[Data extract]
____________
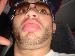 eers2you photo # 10
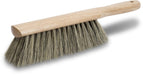 Marshalltown Beaver Tail Counter Duster-Marshalltown Tools-znshoping.store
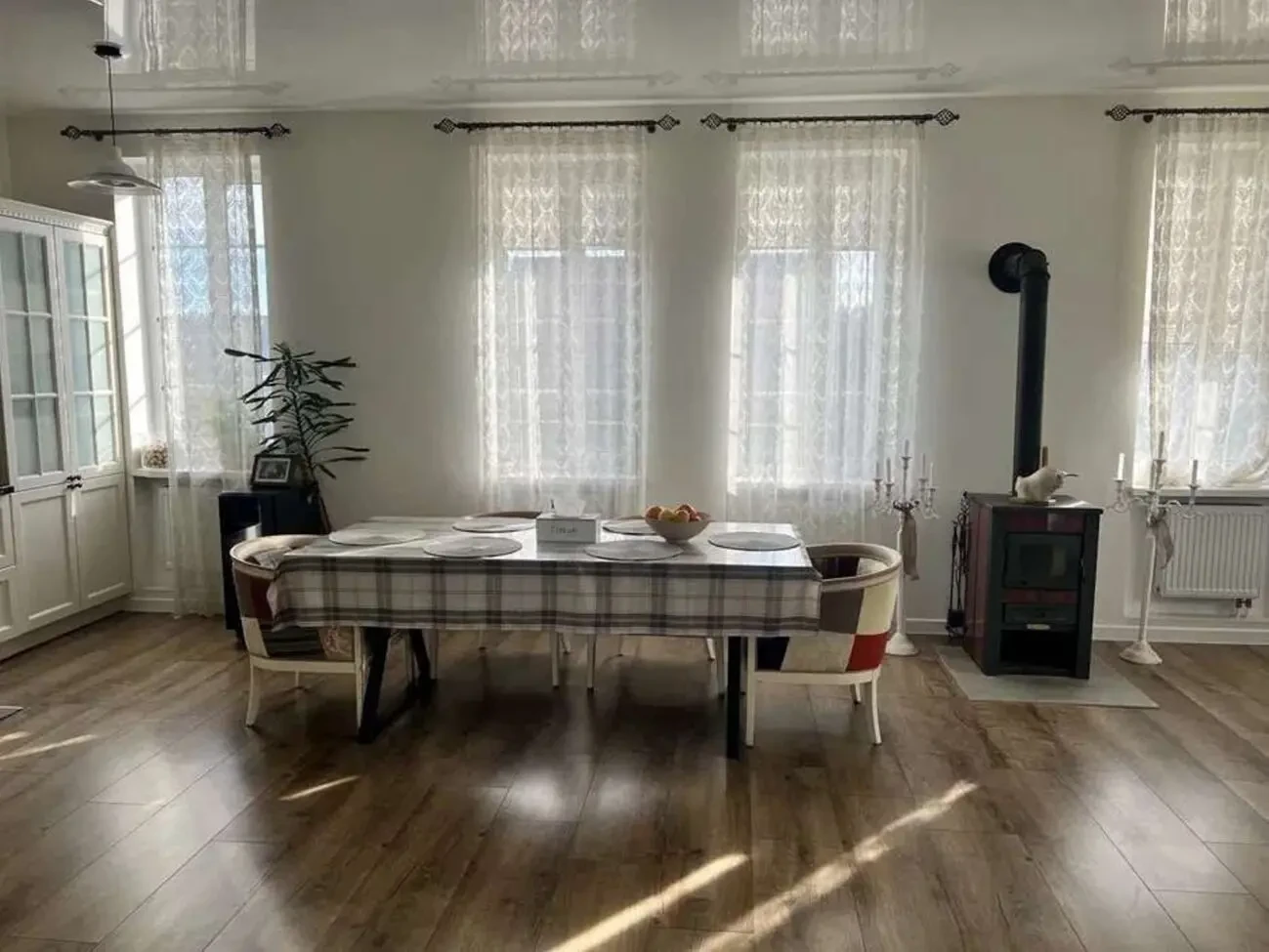 Від власника. Без %. Горбовичі. Ваш ідеальний дім 6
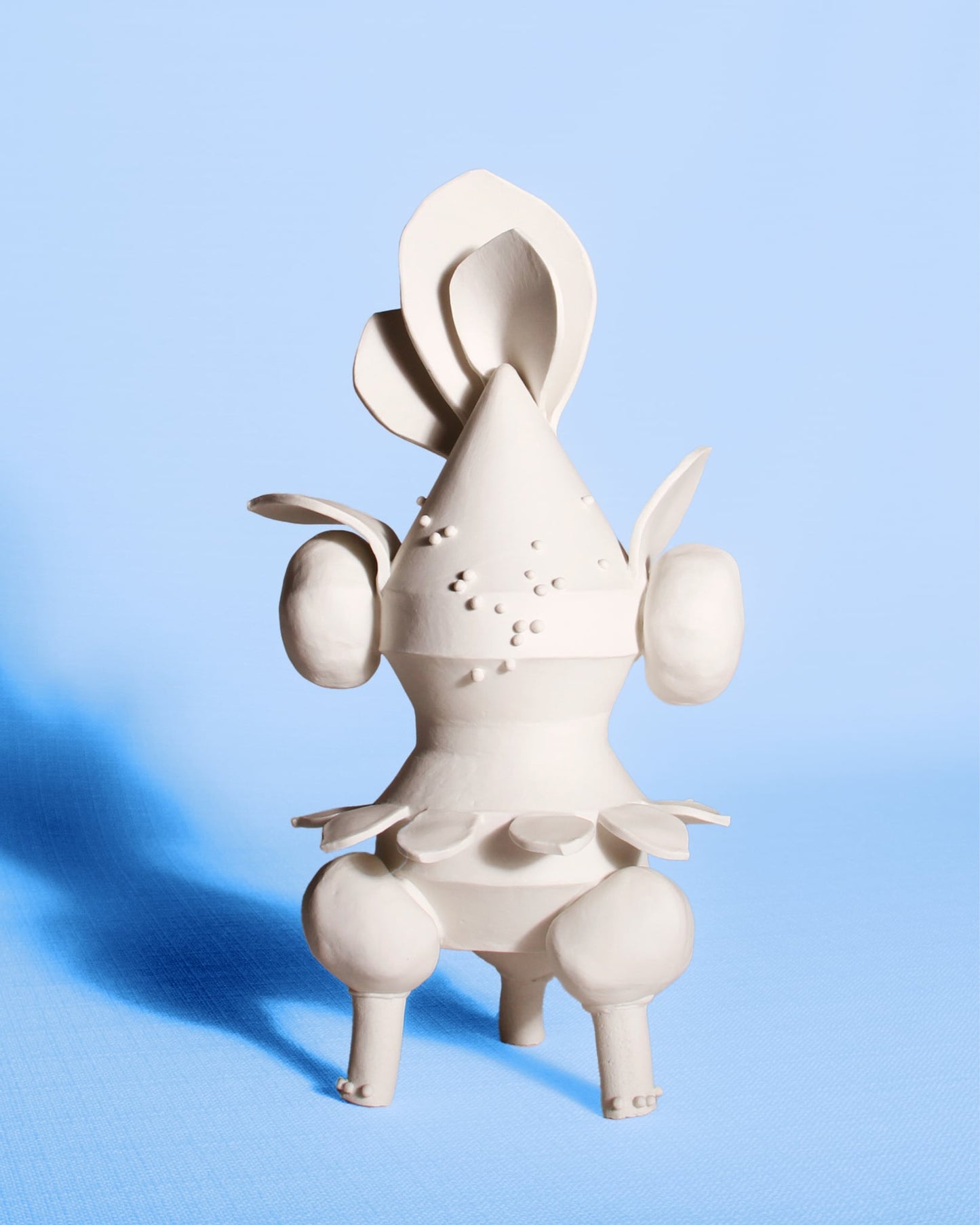 Image at position 1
____________
[Exercise prompt]
Restate every line of the listing exactly. Pictures are not part of the copy.

[Finished task]
 eers2you photo # 10
 Marshalltown Beaver Tail Counter Duster-Marshalltown Tools-znshoping.store
 Від власника. Без %. Горбовичі. Ваш ідеальний дім 6
 Image at position 1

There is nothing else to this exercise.